Does the first reflection point actually matter??


Hello my friends,

So please read the whole post before commenting. The question is nuanced.

First, as you probably know I’m a huge fan of the well treated room, and a fan boy of GIK acoustics as a result, so what I am _not_ arguing is against proper room treatment. I remember many years ago, perhaps in Audio magazine (dating myself?) the concept of treating the first reflection points came up, and it seems really logical, and quickly adopted. Mirrors, flashlights and lasers and paying the neighbor’s kid (because we don’t have real friends) to come and hold them while marking the wall became common.

However!! In my experience, I have not actually been able to tell the difference between panels on and off that first reflection point. Of course, I can hear the difference between panels and not, but after all these years, I want to ask if any of you personally know that the first reflection point really matters more than other similar locations. Were we scammed? By knowing I mean, did you experiment? Did you find it the night and day difference that was uttered, or was it a subtle thing, and if those panels were moved 6" off, would you hear it?


Best,


Erik
erik_squires

Showing 4 responses by lemonhaze

Hi Erik, there is a lot of well meaning advice being offered but most of it ill informed. This whole thing is a science with specific goals. Some posters claim that they adjust the toe-in of their speakers and everything sounds fine. Useless info this.

Correct treatment is truly transformative and if you are not prepared, for less than the cost of a mid-priced interconnect, to buy a suitable microphone and download for free, REW or HolmImpulse (as used by Geddes) then add bass traps and treat first reflection points. Just this will amaze you.

Unless you have your system set up on the long wall where sidewall reflections arrive much later you will need to absorb some of that energy to reduce smearing and congestion. The average room requires about 400ms for the sound to decay evenly across the frequency range by 60dB, known as T60. Tables are available online for different enclosed volumes.

Someone mentioned floor and ceiling reflections which of course is as important as the others. Here though a ceiling 'cloud' works extremely well and a small rug or no rug is fine. The cloud frame needs to be preferably 4" x 6ft x 8ft and hung with a 4" gap below the ceiling. This will act as a broad-band absorber, unlike wall to wall carpet which is narrow-band and harmful to the sound. Consider that your ears are a known, to your brain, fixed distance from the floor so these reflections are not as problematic. We have evolved to allow for this.

Diffusion is good in larger rooms, not so much in small ones. From experience I can confidently state that treating the modal region below the Schroeder frequency is the most effective if you wish to limit the amount of treatment. I'm talking about bass traps, real bass traps and not the silly little scraps of foam that cannot absorb anywhere near bass. They are physically just too small.

GIK do not make 'proper' broad-band absorbers because they will not sell well and would be a nightmare to ship, so they tend to oversell lesser units. I know somebody who returned a few because the room was too dead!

My best advice is to educate yourself as much as possible on this fascinating and immensely rewarding process by reading articles from the right source. Leo Beranek is tough going but the true authority, Foley from acoustic fields not so much.



@aj523, a good and sensible post. I use Dayton Omnimic V2 because I also need to measure the electro-acoustic and Thiele/Small speaker parameters but REW and HolmImpulse are free and do much the same.

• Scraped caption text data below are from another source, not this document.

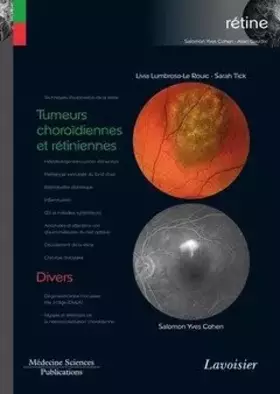 Couverture du produit · Tumeurs choroïdiennes et rétiniennes / Divers: (volume 8 - coffret Rétine)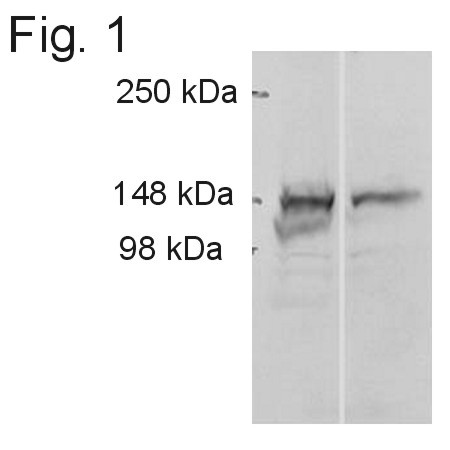 ADAMTS9 Antibody in Western Blot (WB)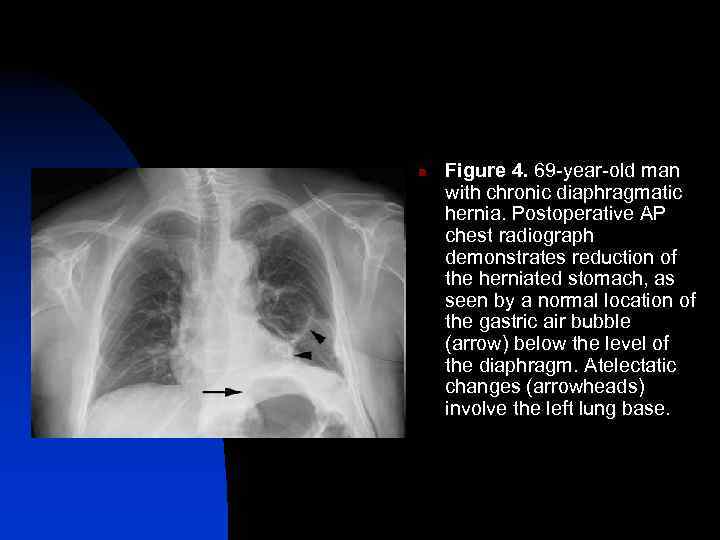n Figure 4. 69 -year-old man with chronic diaphragmatic hernia. Postoperative AP chest radiograph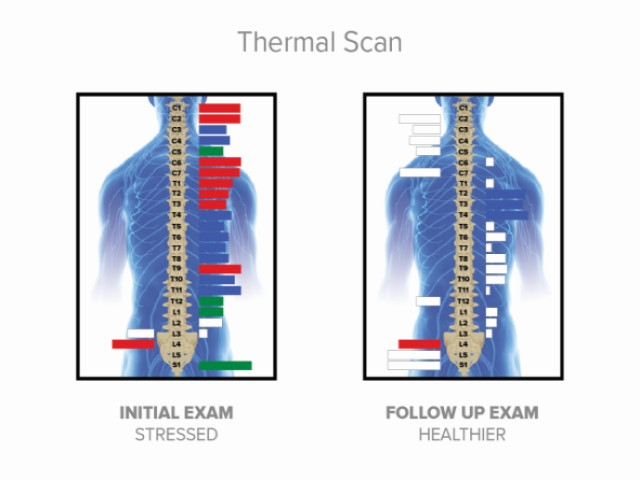 Scan Technology Helps Chiropractic Patients Measure Success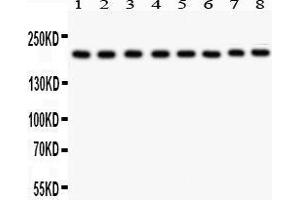 Anti- TJP1 antibody, Western blotting All lanes: Anti TJP1  at 0. (TJP1 抗体  (AA 1178-1527))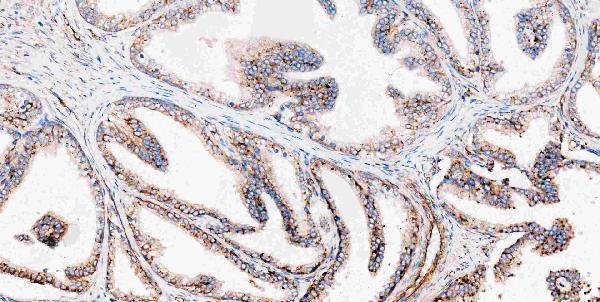 m00045 1 vegfa primary antibodies ihc testing 7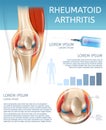 Infographic Treatment Method Rheumatoid Arthritis Royalty Free Stock Photo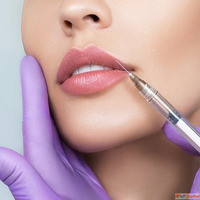 Lip Augmentation
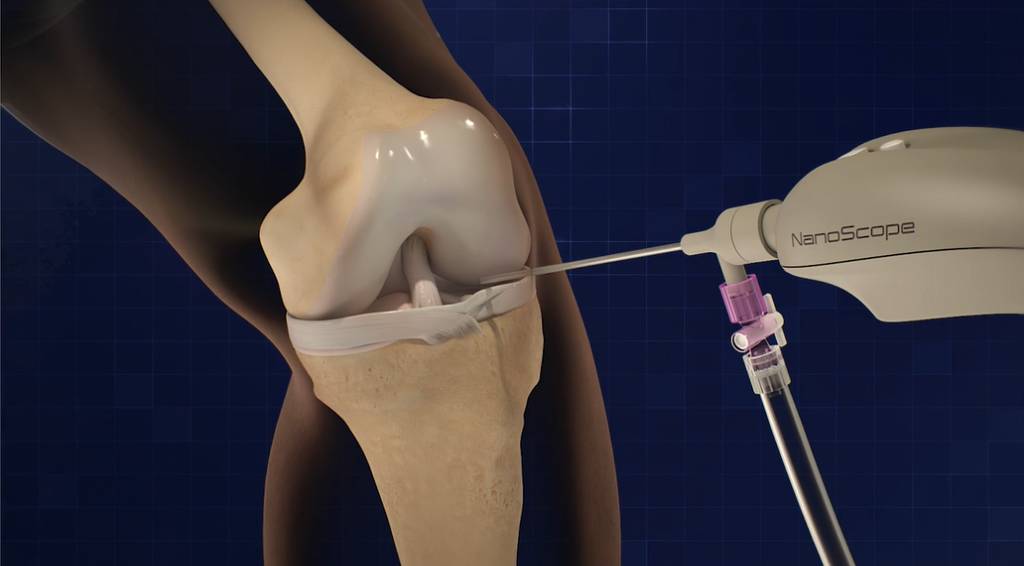nanoscope : opération des ligaments du genou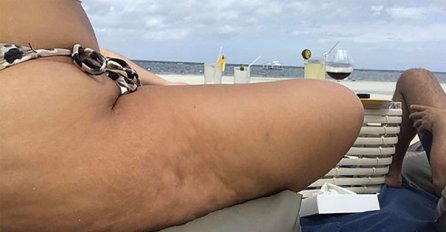 NJENO TIJELO JE SAVRŠENO NA INSTAGRAMU, A UŽIVO KATASTROFA: Procurile fotografije slavne LJEPOTICE, CELULITA NA SVE STRANE!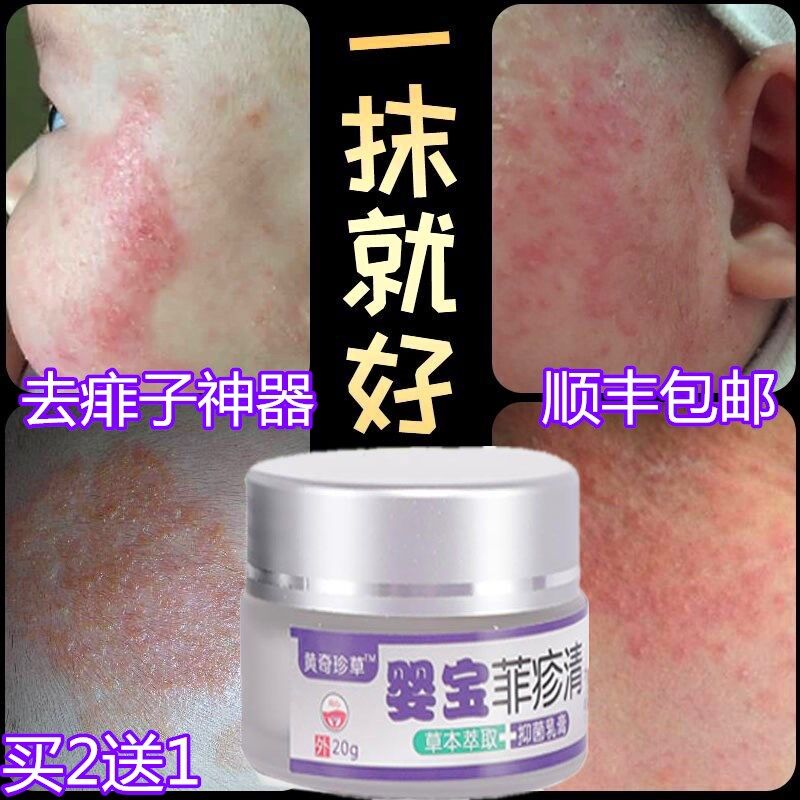 痱疹清痱子膏去痱止痒膏热痱婴幼儿宝宝儿童成人袪痱蚊子叮咬神器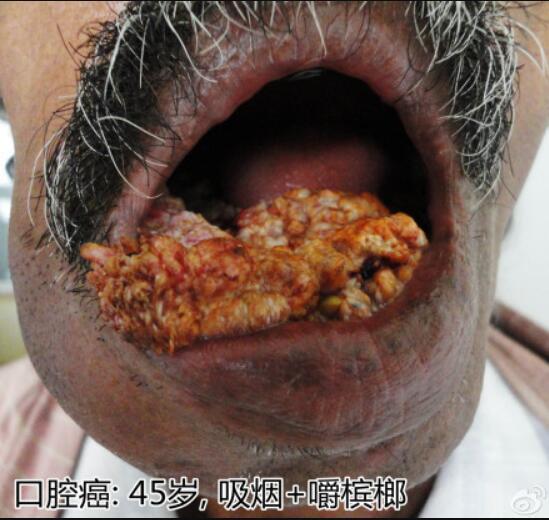 槟榔吃多了口腔癌图片图片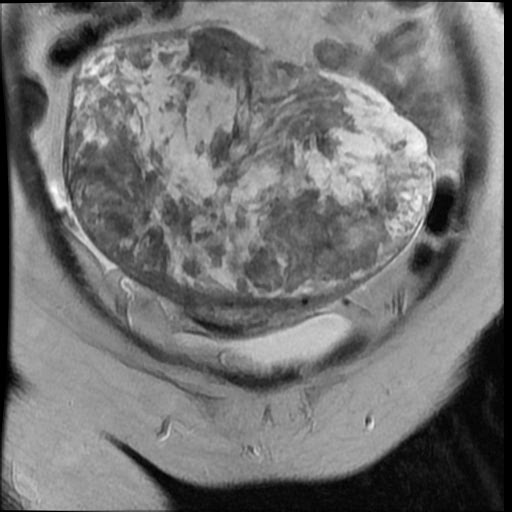 File:Atypical retroperitoneal lymphocoeles with large leiomyoma of uterus (Radiopaedia 32084-33027 Coronal T2 7).jpg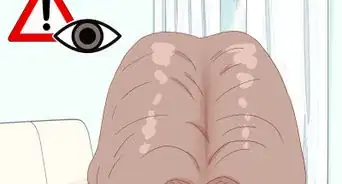 Get Rid of Lice in Your Home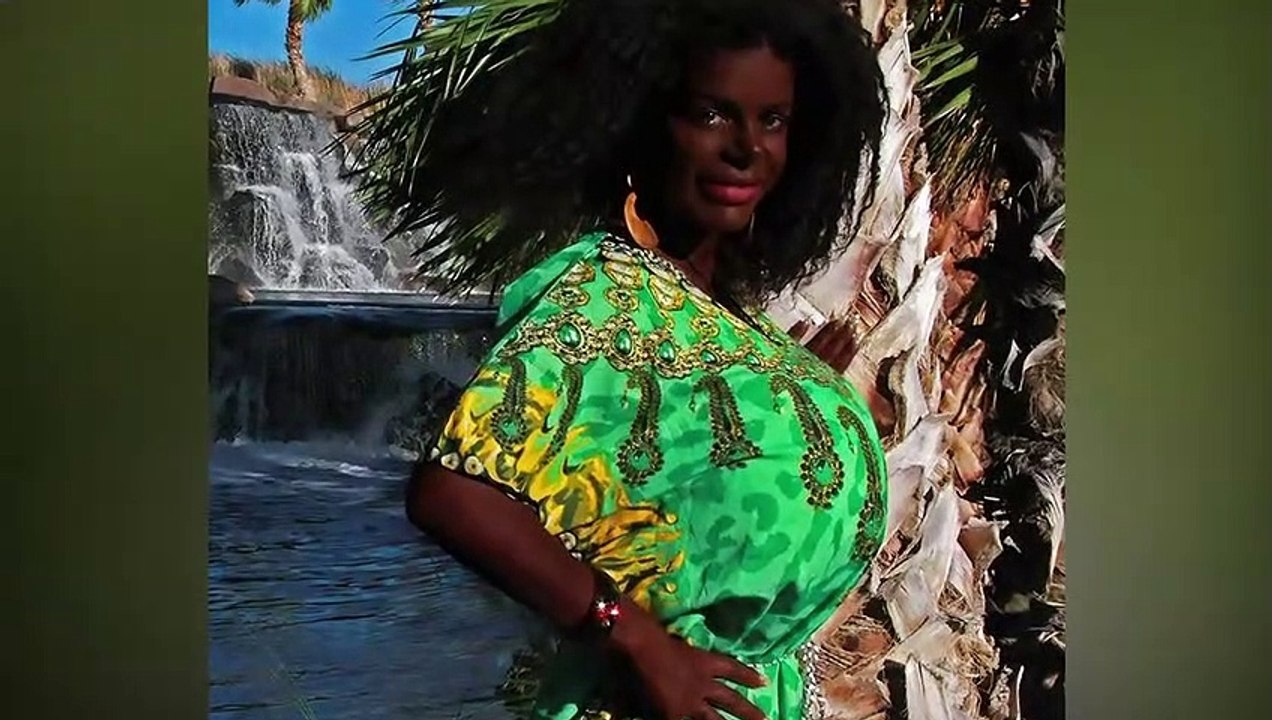 Plastic Surgery Before And After | People Who Took Plastic Surgery To Next Level | Plastic Surgery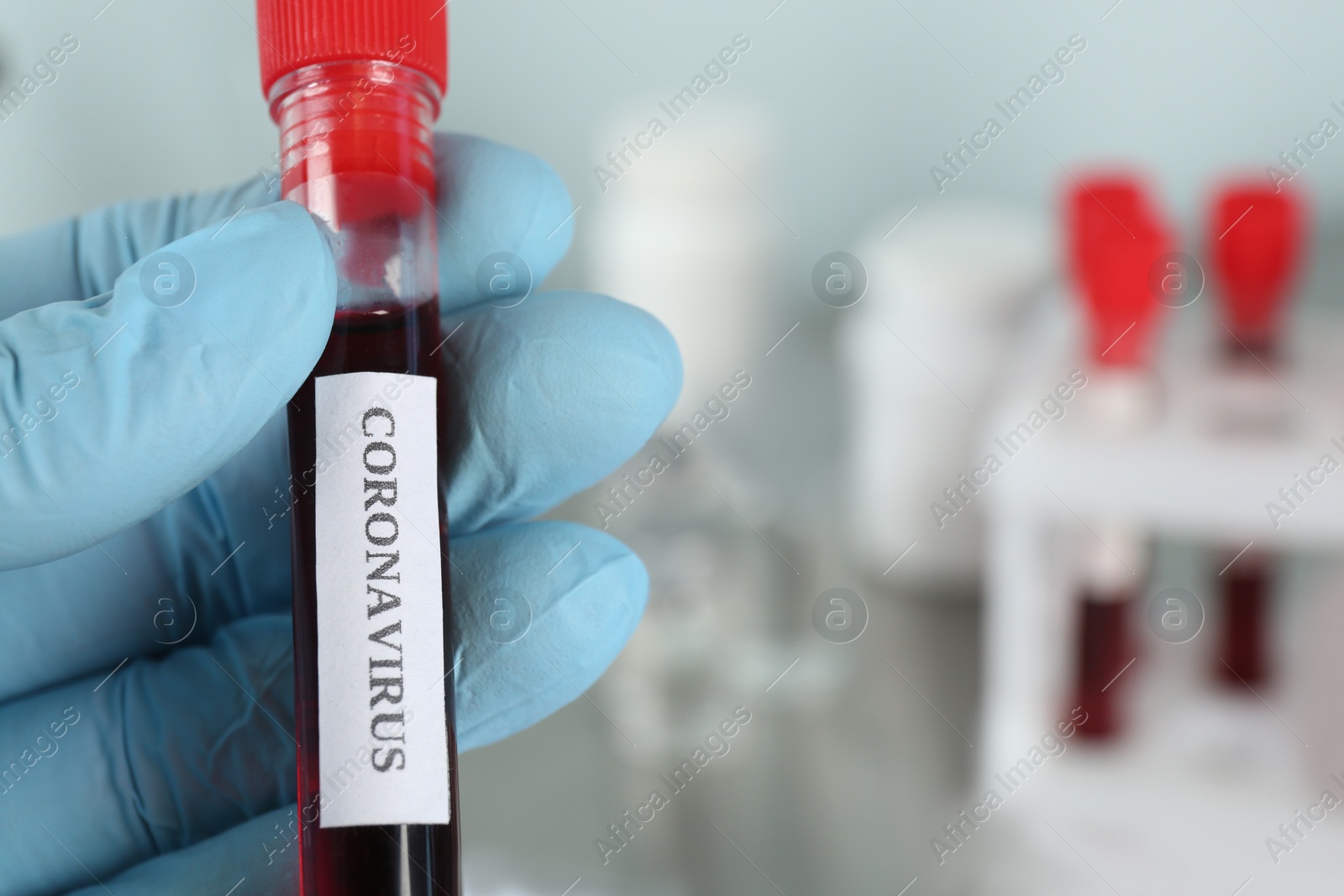 Photo of Doctor holding test tube with blood sample and label CORONAVIRUS in laboratory, closeup of hand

@eric-squires, what is an "average audiophile'? You can only go so far by continual upgrading at great expense but all that extra detail and low noise floor you are paying for is being lost to strong early reflections. In fact at low frequencies where bass nulls occur that information is lost completely and you can not get it back with EQ. The more power you pump into it just cancels with the same power.

Multiple subs and bass traps are needed to smooth this problem out, a problem all domestic rooms have. If you consider the amount of time and money the 'average audiophile' spends on their system you would be better off embracing the subject than shying away from it. I am sure the cost of a mic. will be the cheapest and by far the biggest upgrade you can make. There is much on the net to help get a handle on this.

The software, apart from showing you waterfall plots which identify the most troublesome frequencies, will also help you position your speakers and subs.
Erik, I did not misread anything!
In your first post you merely asked about the importance of accurate positioning of the first reflection point.

Only 5 days later do you disclose, via your 'narrow question', that you are trying to help.

Your rude and dismissive comeback was not appreciated.